Desde 2009, ano após ano, venho aprendendo a sentir mais e mais o que temos pela frente com estudantes do município de Independência, no sertão dos Inhamuns, onde eu nasci. Sentir o que temos pela frente, aqui, quer dizer perceber as experiências vividas por meio do exercício do pensamento e da voz em função da atuação criativa na realidade.

Centenas de jovens de 13 a 17 anos inscreveram-se este ano no prêmio literário que leva o meu nome; uma mobilização educativa e cidadã idealizada e colocada em prática por educadoras e educadores do Espaço Cultural História Viva. O tema de 2024 foi: “Os desafios cotidianos da pessoa com deficiência (PCD)”. 

Dos escritos da juventude independenciana, muitas inspirações podem ser colhidas, como no poema “Vozes que não silenciam”, de Geovana Vasconcelos Farias (Escola de Ensino Fundamental EEF Abigail Antunes Marques), primeira colocada na seleção feita por avaliadoras e avaliadores do IFCE, dos campi de Jaguaribe, Baturité e Fortaleza.

“Nos olhos que não enxergam / Há um brilho escondido, / Um mundo de percepções. / um universo contido. // Os passos que não caminham, / São asas prontas a voar, / Na mente, horizontes vastos, / Que ninguém pode alcançar. // Mãos que ralam em silêncio. / Gestos que tocam o coração. / Uma linguagem sem palavras, / Cheia de emoção.”

A poesia de Geovana traz propriedades ocultas da potência humana diante das insuficiências observáveis, como no verso “há um brilho escondido”, associado aos olhos que não enxergam. Isto é: impedimentos físicos, sensoriais, mentais ou intelectuais de alguém não tiram a condição do ser pessoa.

“Ouvidos que não escutam, / Mas sentem o pulsar da vida, / Na vibração de cada momento, / Na calma da alma sentida. // Na cadeira de rodas, / um trono de um rei ou rainha sem par, / Que navega pelos desafios, / Com coragem de lutar. // Cada história uma inspiração. / De superação e de luta, / Cada vida uma canção / Que o preconceito refuta. // Então, ergamos nossas vozes, / Por um mundo de igualdade. / Onde todos têm seu espaço, / E direito à dignidade!”

Pequeno, Flávio Paiva, Geovana Vasconcelos, Carla Ivânia, Cacilda Sales, Socorrinha Pimentel, Neidinha Feitosa, Vanda Moreno, Vilma Vieira e Idelzuith Borges Foto: Marcos Vieira (24/08/2024).

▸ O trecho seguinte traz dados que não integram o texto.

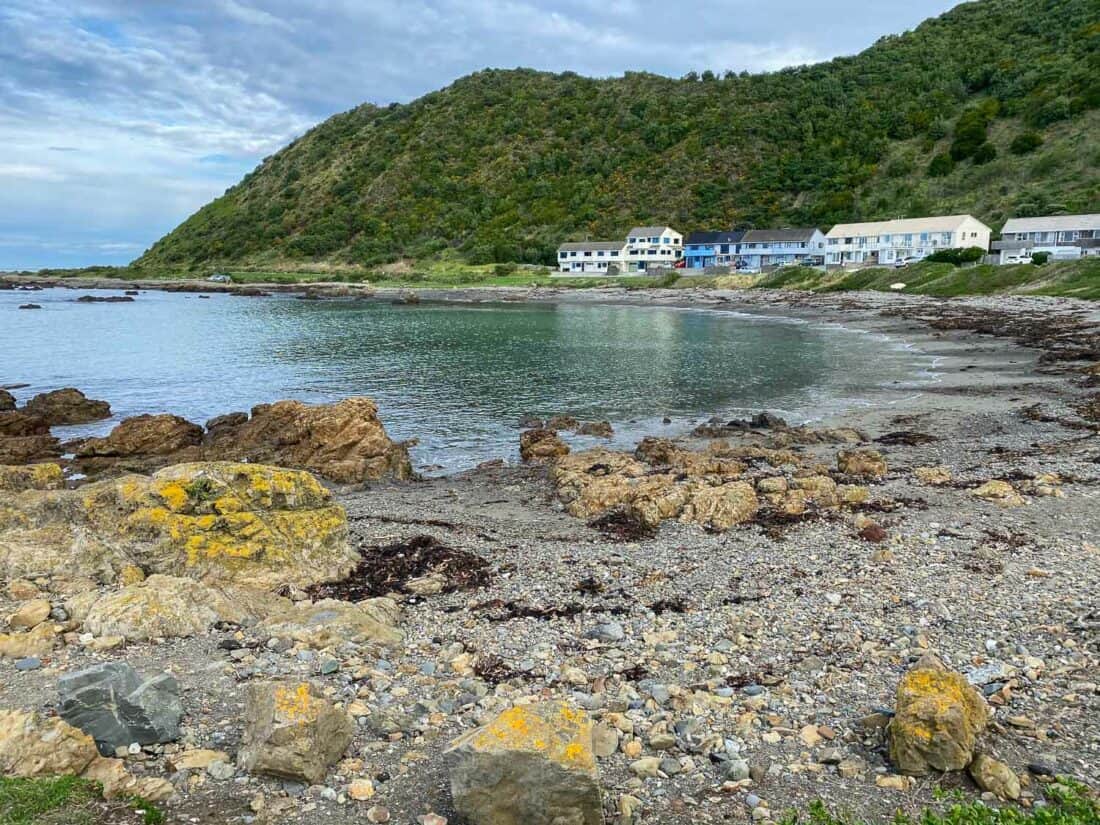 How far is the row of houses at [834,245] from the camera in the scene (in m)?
99.0

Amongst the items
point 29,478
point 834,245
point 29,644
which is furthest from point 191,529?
point 834,245

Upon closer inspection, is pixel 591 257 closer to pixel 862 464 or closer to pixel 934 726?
pixel 862 464

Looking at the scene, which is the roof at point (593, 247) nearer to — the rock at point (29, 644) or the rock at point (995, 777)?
the rock at point (29, 644)

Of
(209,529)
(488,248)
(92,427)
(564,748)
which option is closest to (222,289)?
(488,248)

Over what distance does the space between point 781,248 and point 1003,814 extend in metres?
136

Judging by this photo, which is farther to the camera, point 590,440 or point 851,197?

A pedagoga Carla Ivânia, que começou a andar com aparelho ortopédico aos 12 anos, comentou no evento ocorrido sábado passado (24), no largo da Estação Leitura, em Independência, que no mundo da PCD a maior deficiência é da parte expressiva da sociedade incapaz de conviver com as diferenças. Esta reflexão transpassa as manifestações das jovens e dos jovens participantes.

Vitória Eloá (Colégio Coração de Maria), a segunda colocada, vai ao ponto, quando diz que “A deficiência é um fato, / Mas não me define”. Por sua vez, Maryelliz Lima (EEEP Maria Altair Américo Sabóia), terceira colocada, deduz: “Essas histórias se encontram”, como em um “cordel de desafios”. Essa natureza literária torna os textos mais humanos, e isso está na sensibilidade da comissão avaliadora.

O evento combina linguagens artísticas e interações territoriais. Com o apoio do Sesc-Ceará, o arejamento cultural de 2024 contou com o poeta Mailson Furtado, de Cariré, com o músico Marinaldo do Bandolim, de Caucaia, com representantes de Quixeramobim e com o caminhão BiblioSesc, de Fortaleza, sem contar os artistas locais, como Cauã Sales, cantor do sarau da Escola Profissionalizante, que atiçou os sentidos do público presente. Na ocasião, Pequeno, poeta e artista da cidade, recebeu o Troféu Saci de Personalidade do Ano.